◆ **WORK INSTRUCTIONS**: Each line in the material below, starting at the one with "Outdoor patio set" and ending at the one with "Bright kitchen with", is to be reproduced exactly; no picture is to be copied.

◆ **SUPPLIED ENTRIES**:

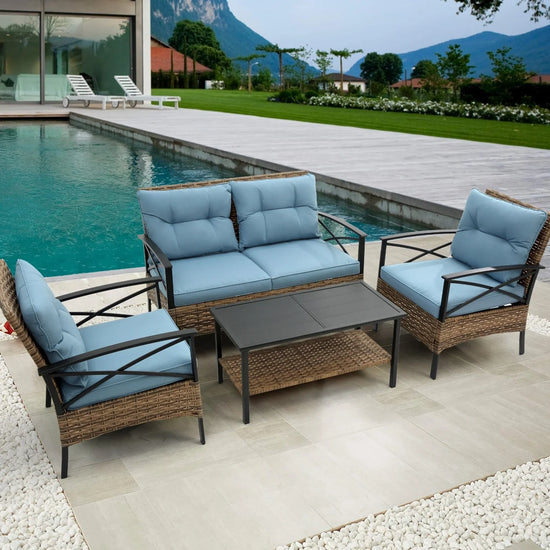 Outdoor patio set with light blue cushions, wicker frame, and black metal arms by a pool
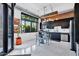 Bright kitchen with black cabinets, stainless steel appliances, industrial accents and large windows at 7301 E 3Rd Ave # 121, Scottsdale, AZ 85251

==

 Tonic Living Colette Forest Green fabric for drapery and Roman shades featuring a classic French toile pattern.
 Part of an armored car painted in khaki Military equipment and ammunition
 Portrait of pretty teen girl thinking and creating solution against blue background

◆ **THE ANSWER**:
 Outdoor patio set with light blue cushions, wicker frame, and black metal arms by a pool
 Bright kitchen with black cabinets, stainless steel appliances, industrial accents and large windows at 7301 E 3Rd Ave # 121, Scottsdale, AZ 85251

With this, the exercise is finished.